In a community like King’s Cove in the 1940s, you didn’t need much more phone. If you wanted to phone somebody you turned the crank and got an operator, who would put you through to someone local, or even across the pond to the old country. I know that when I was a toddler, we had to count the number of rings before we picked up. In the world of party lines you were supposed to only pick up when the call was for you, because you didn’t want to listen to other people’s conversations. Well, you did, of course. But it was considered quite bad form.
Today we wouldn’t consider walking across the street to the drug store without our cellphones, in case something catastrophic happened in the five minutes it takes to pick up blue nail polish, but it is remarkable that in some parts of rural BC some places weren’t ‘on the phone’ until the early 1950s.

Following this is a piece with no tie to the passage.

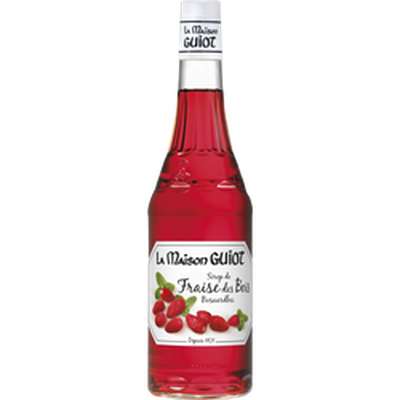 Sirop de fraise des bois Tradition, La Maison Guiot (70 cl)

In these early post war years, even some homes in small towns didn’t have telephones, because there were public phones on the street. Quite restful, really.

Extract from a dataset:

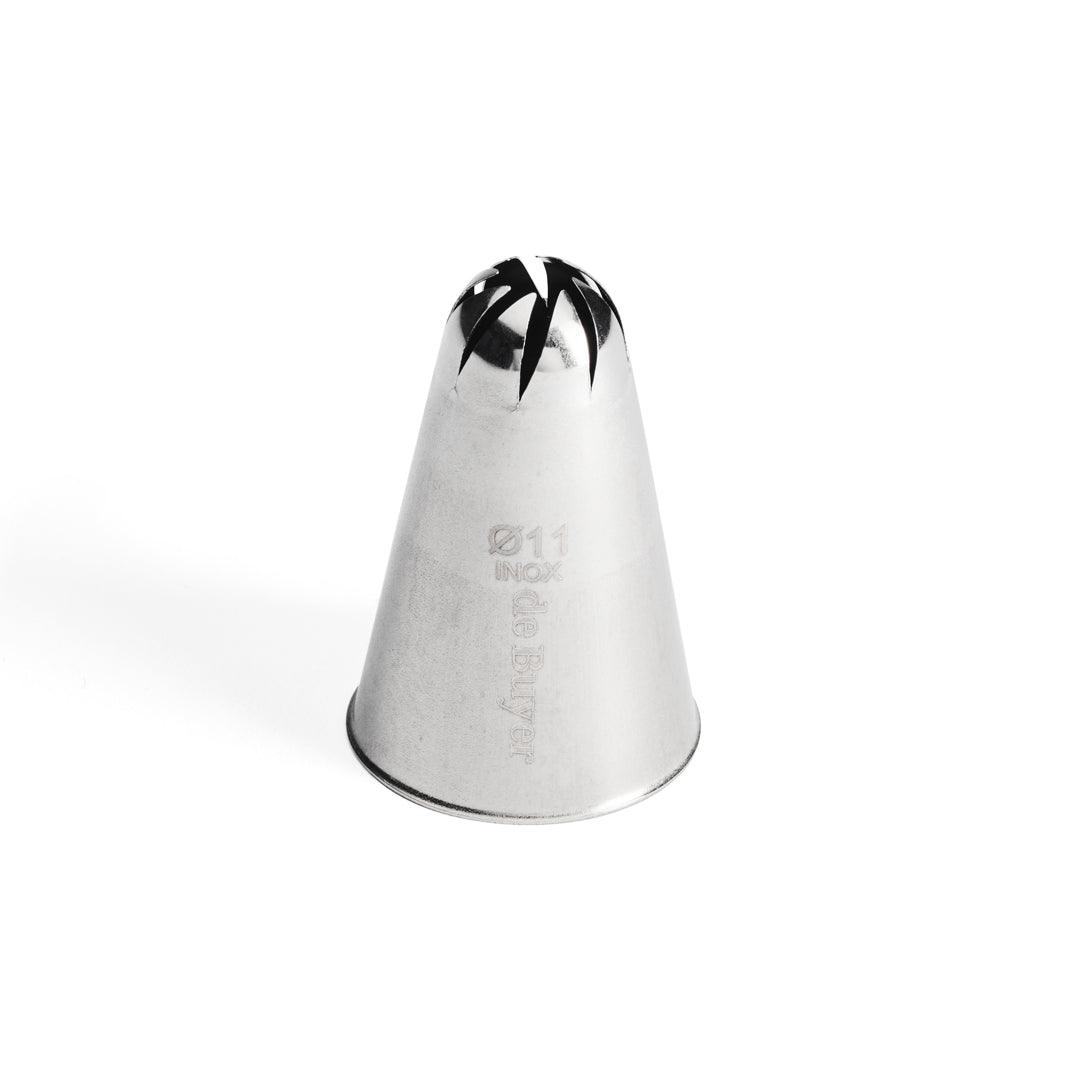 De Buyer Stainless Steel 11mm Rose Nozzle - 8 Points - De Buyer UK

But at the same time, if you were stuck somewhere in the snow, or had a flat on a rural road, or had just been kidnapped by an evil-doer, and left on the side of a mountain you’d been driven to blindfolded, you pretty well had to have sensible shoes and be able to figure out where north was. It was likely a long walk to find someone who had a phone.
Luckily for Lane, and for us, the denizens of King’s Cove are busy and nosy, and all on the telephone…they wouldn’t dream of being out of the loop for a single second, at the rate that Lane Winslow, is finding bodies.